** Input data **
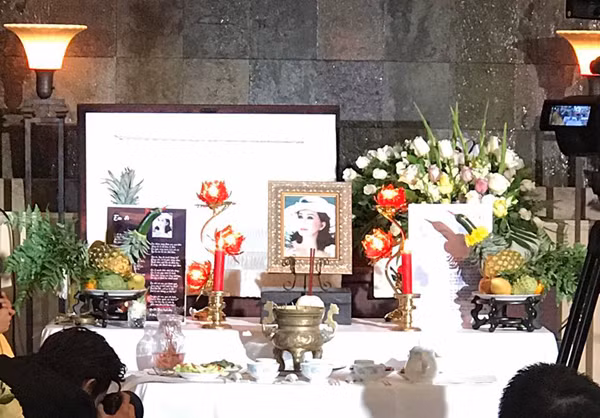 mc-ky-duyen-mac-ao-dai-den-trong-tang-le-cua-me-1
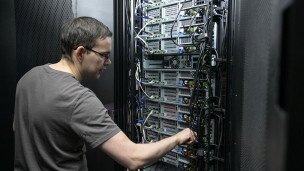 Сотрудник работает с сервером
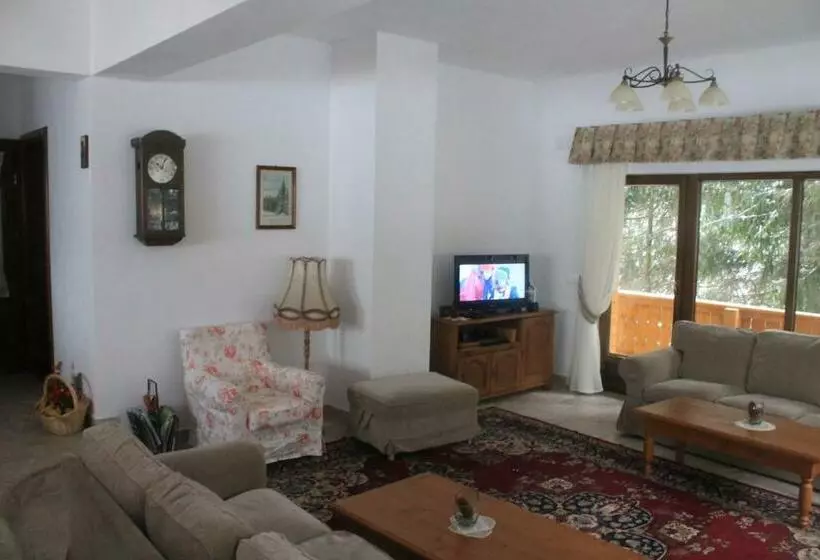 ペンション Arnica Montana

** Goal of the exercise **
Your task is to retype exactly the lines that run from the line with "Сотрудник работает с сервером" through the last line of the material, with the pictures left out.

** Answer area **
 Сотрудник работает с сервером
 ペンション Arnica Montana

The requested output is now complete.